# G4003G Swing



## cg 2005 (Aug 21, 2013)

The G4003G manual and website state the G4003G has a swing over the bed of 12" and a swing over the saddle of 11-11/32".  is this possible?  The  swing over the cross slide is 7".  

The G4002 has the same swings except the swing over the saddle is only 7" and the cross slide is 7".  Is this possible?

Can anyone verify what is the actual swing over the saddle and cross slide of the G4003G?

The gap swing of both 17".


thanks


----------



## Jeephead (Aug 21, 2013)

I have a brand new 4003G and I measured 6 5/8 from the center of the chuck to the ways of the bed.

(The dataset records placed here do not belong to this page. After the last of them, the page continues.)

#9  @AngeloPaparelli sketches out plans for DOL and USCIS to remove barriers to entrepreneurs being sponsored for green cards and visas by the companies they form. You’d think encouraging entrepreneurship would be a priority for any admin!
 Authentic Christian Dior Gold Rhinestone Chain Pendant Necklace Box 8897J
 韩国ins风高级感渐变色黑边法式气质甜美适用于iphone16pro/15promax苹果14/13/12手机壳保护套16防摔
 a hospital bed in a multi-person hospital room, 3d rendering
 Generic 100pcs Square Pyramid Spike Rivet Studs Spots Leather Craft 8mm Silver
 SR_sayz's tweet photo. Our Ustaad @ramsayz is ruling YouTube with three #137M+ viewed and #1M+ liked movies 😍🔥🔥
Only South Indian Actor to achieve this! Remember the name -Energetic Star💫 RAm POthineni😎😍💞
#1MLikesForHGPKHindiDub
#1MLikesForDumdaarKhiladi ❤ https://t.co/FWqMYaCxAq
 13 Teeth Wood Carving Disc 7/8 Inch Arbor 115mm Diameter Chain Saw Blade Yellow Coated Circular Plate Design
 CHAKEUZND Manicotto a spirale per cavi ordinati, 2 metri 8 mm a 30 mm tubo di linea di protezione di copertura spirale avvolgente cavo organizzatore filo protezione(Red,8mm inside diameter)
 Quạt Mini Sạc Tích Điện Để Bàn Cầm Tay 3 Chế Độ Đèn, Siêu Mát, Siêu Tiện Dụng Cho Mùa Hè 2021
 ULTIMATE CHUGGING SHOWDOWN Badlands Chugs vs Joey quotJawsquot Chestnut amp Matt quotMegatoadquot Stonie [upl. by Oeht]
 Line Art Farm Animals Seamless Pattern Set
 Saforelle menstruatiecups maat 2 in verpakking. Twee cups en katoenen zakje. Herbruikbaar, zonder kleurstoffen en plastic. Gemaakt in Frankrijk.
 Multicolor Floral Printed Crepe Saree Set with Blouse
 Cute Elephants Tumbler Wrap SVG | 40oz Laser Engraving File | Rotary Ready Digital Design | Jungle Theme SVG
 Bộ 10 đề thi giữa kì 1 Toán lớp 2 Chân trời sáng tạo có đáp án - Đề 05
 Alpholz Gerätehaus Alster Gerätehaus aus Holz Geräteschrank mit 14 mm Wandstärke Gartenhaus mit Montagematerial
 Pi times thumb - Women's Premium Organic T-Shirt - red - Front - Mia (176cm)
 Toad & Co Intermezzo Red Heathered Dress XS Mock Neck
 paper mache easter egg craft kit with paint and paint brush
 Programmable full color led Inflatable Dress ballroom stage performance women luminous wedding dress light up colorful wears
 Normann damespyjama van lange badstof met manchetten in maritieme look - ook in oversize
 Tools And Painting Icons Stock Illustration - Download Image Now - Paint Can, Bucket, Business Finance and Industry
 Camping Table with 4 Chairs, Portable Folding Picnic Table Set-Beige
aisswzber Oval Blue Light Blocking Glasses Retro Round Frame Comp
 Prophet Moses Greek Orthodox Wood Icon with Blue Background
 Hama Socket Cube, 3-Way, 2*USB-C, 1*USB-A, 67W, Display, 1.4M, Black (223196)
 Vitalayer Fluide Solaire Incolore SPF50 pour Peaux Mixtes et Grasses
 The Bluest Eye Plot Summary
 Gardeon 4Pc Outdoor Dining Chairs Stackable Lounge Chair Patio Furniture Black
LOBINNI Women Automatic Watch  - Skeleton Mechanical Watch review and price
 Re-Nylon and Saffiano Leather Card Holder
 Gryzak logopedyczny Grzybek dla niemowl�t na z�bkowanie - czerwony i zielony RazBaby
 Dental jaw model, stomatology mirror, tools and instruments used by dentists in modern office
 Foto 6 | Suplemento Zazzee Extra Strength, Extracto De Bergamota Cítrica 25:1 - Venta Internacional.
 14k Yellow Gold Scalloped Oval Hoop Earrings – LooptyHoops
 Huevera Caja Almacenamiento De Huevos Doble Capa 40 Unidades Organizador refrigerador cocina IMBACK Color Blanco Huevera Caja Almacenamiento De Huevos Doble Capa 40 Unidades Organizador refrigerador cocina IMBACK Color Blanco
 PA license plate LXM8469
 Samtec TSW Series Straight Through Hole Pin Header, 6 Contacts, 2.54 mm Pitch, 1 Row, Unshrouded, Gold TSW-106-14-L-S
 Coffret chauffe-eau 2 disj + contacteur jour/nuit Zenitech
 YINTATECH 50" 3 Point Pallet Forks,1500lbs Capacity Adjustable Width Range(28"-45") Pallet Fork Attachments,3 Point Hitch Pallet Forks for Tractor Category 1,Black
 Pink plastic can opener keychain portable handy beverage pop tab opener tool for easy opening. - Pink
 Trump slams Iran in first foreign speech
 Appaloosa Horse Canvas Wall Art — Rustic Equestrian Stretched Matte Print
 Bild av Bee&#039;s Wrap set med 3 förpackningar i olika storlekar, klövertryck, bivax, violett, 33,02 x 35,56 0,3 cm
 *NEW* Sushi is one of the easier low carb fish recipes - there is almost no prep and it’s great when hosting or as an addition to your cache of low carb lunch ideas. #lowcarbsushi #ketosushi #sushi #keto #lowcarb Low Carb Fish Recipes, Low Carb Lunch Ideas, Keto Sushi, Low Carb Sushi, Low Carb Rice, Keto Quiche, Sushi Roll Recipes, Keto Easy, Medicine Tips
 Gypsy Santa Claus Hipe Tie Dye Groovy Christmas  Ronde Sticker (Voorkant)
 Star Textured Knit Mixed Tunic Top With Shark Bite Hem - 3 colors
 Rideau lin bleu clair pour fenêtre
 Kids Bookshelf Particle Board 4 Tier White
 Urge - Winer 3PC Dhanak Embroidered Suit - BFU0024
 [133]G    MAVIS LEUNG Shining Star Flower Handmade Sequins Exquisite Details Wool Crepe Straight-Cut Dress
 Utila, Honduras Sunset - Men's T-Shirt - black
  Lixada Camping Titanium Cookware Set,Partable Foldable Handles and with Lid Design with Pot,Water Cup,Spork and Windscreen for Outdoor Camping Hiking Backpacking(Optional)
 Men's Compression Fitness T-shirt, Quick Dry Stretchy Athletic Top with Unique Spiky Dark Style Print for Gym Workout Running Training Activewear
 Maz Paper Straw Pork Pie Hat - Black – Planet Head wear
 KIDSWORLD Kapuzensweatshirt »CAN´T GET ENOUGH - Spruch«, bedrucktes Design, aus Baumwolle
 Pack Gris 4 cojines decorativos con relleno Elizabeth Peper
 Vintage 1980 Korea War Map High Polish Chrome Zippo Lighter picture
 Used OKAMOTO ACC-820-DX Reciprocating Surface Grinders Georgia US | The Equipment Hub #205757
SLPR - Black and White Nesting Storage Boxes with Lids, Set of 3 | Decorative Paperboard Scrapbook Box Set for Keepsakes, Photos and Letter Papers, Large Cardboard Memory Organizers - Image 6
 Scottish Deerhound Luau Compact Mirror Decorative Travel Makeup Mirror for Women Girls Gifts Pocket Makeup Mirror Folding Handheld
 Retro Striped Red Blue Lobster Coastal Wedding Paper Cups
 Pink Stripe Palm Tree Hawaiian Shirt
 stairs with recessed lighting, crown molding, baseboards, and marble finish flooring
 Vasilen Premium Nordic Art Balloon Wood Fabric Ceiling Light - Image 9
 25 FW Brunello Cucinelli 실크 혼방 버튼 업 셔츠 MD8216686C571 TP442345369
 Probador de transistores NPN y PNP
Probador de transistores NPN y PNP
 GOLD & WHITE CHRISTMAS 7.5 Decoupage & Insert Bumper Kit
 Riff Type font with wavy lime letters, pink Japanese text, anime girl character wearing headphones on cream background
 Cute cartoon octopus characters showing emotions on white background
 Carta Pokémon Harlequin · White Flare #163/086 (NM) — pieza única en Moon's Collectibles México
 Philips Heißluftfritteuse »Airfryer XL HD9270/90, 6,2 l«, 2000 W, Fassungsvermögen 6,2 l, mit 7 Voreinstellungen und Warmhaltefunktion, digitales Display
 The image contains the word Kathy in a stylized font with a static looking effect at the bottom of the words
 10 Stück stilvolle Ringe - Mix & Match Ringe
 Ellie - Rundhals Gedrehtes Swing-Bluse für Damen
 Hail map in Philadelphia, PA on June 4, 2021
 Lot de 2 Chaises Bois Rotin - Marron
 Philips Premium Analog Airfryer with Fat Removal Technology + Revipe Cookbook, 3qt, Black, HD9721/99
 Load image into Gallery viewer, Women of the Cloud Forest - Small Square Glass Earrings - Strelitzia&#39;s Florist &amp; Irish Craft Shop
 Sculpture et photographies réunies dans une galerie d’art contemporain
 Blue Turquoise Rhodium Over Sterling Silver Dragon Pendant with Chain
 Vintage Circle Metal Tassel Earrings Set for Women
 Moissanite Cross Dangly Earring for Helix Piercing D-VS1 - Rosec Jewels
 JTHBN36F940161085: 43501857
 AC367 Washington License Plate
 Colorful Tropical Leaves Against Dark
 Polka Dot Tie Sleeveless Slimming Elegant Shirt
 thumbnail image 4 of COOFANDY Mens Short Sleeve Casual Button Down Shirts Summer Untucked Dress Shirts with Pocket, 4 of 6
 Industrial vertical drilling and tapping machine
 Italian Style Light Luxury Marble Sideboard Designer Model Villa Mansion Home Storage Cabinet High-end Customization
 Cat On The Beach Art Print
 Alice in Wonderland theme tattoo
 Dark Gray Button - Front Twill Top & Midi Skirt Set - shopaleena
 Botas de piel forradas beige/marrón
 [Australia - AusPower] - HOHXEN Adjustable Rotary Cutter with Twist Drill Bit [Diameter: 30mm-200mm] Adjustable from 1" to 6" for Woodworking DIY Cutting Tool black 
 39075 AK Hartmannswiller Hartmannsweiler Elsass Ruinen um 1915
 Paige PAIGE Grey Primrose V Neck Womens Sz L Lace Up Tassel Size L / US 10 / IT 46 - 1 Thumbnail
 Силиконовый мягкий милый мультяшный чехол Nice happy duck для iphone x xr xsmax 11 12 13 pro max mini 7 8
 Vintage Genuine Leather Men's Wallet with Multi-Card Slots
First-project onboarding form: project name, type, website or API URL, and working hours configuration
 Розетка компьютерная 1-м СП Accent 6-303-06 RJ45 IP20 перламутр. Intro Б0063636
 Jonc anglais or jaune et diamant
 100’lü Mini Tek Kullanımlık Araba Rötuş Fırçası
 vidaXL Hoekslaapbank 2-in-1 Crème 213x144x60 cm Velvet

Hope this helps.


----------



## ortho (Aug 22, 2013)

cg 2005,

I have a G4003G.  Using a tape measure to determine its swings:

a.  Over the ways - 12 1/4"
b.  Over the cross slide - 7 5/8"
c.  Over the saddle - 11 3/4"

---ortho


----------



## cg 2005 (Aug 22, 2013)

ortho said:


> cg 2005,
> 
> I have a G4003G.  Using a tape measure to determine its swings:
> 
> ...



That makes sense.  The swing specs for the G4002 and G4002 (the same lathe as the G4003G) are in error then.  I needed to verify this with an actual measurement verses some tech scratching his head trying to give an answer before I upgrade.

thanks


----------



## Jeephead (Aug 22, 2013)

Thats one of the mysteries of lathe specs some say swing is distance from center and some show diameter. My numbers agree if you double the radius. I thought swing is how big in diameter a part you could turn, others argue, I cannot argue as I am not an expert. I am just setting up my new 4003 G and so far... Awesome.


----------